Whilst the provision of two recesses in the housing bearing surface or ball bearing surface has been discussed, it will of course be appreciated that the claimed invention is not limited to such an arrangement. Indeed, spherical bearing arrangements embodying the present invention could be provided with a single recess for accommodating a seal therein, wherein any lubricant provided on one side of the seal is retained thereagainst by the forces of gravity or any other force.

Claims (21)

1. A spherical bearing arrangement, comprising: aball; and a bearing housing, the ball being mounted in the bearing housing with respective bearing surfaces of the ball and bearing housing in sliding contact with one another, wherein a recess for accommodating a seal is provided in the bearing surface of one of the ball and bearing housing, the bearing surface of the other of the bearing housing and ball being in sliding contact with an inner edge of the recess but not an outer edge.

2. A spherical bearing arrangement according to claim 1, wherein the bearing housing has a central axis and the outer edge of the recess is proximate an axial end of the bearing housing.

3. A spherical bearing arrangement according to any preceding claim, wherein a seal is provided in the recess.

4. A spherical bearing arrangement according to any preceding claim, wherein there are two recesses, the inner edges of the recesses bounding a portion of the bearing surface within which lubricant is retained.

5. A spherical bearing arrangement according to Claim 4, wherein lubricant is provided between the two recesses.

6. A spherical bearing arrangement according to any preceding claim, wherein at least one of the edges of the recess has a smooth transition therealong.

7. A spherical bearing arrangement according to Claim 6, wherein the edge having a smooth transition is a radiussed edge.

8. A spherical bearing arrangement according to Claim 7, wherein the radius is not constant.

9. A spherical bearing arrangement according to Claim 7, wherein the radius is constant.

10. A spherical bearing arrangement according to any of Claims 7 to 9, wherein the radius is at least 0.1 mm.

11. A spherical bearing arrangement according to any of Claims 7 to 10, wherein the radius of the inner edge is between 0.1 - 0.3mm.

12. A spherical bearing arrangement according to any of Claims 7 to 11, wherein the radius of the outer edge is between 0.4 - 0.6mm.

13. A spherical bearing arrangement according to any preceding claim, wherein the recess is provided in the bearing housing bearing surface.

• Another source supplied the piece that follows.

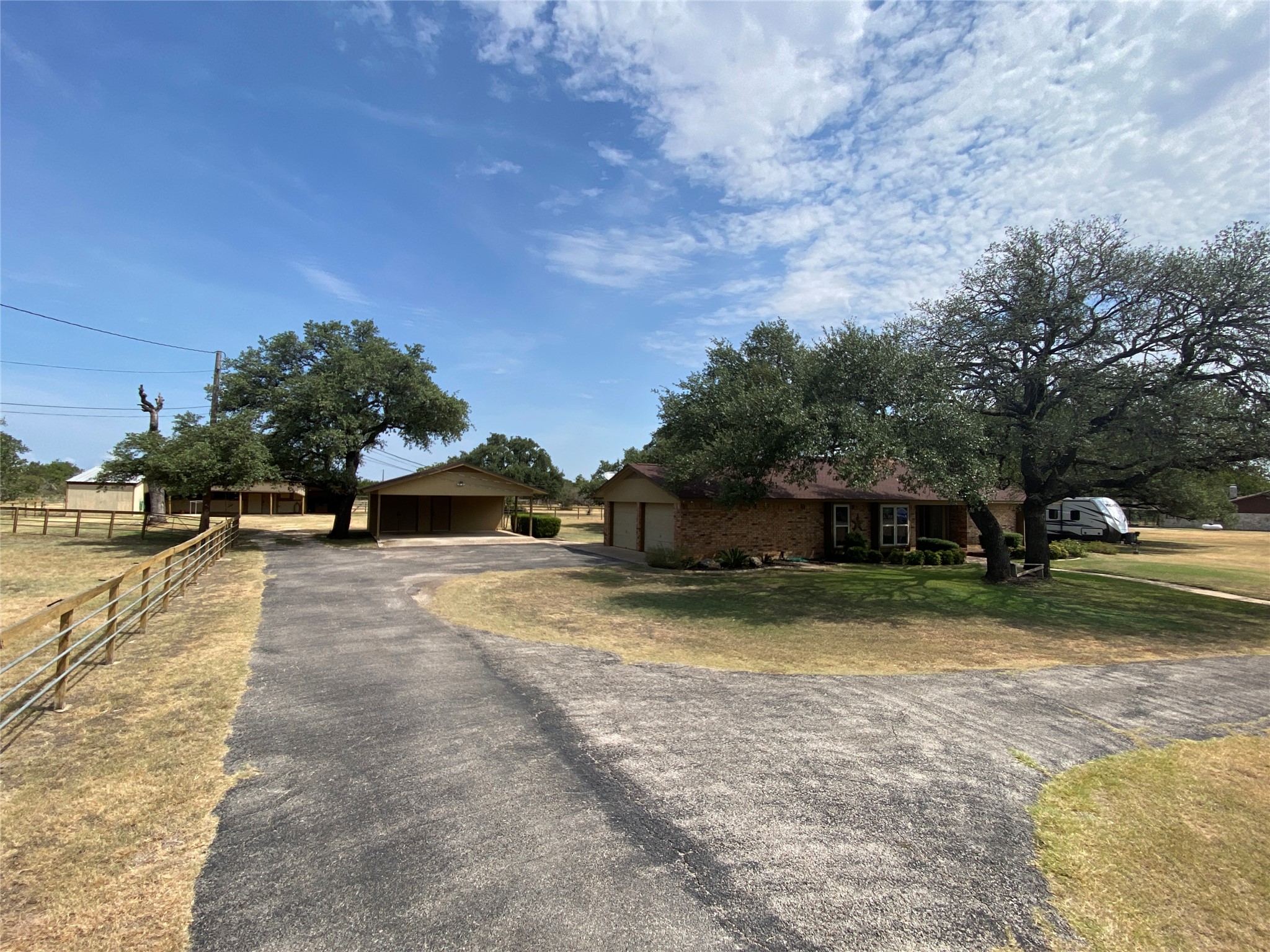 140 Oak Ridge Road Georgetown, TX 78628 - Photo 3 of 39 View of front of home featuring a garage, brick siding, an outdoor structure, and driveway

14. A spherical bearing arrangement according to any preceding claim, wherein the recess is provided in the bearing surface of the ball.

15. A spherical bearing arrangement according to any preceding claim, wherein the material of at least one of the bearing housing or ball is titanium or titanium alloy.

16. A spherical bearing arrangement according to any preceding claim, wherein a coating is provided on a bearing surface.

17. A spherical bearing arrangement according to Claim 16, wherein the coating is provided by PYD.

18. A spherical bearing housing for mounting a ball therein, comprising: a bearing surface having a recess for accommodating a seal, wherein, in use, the bearing surface is in sliding contact with a bearing surface of a ball, the bearing surface of the ball being in sliding contact with an inner edge of the recess but not an outer edge.

19. A spherical bearing arrangement as herein before described, with reference to and as shown in Figures 2 to 4.

20. A spherical bearing housing as herein before described, with reference to and as shown in Figure 2 to 4.

21. Any novel feature or combination of features described herein.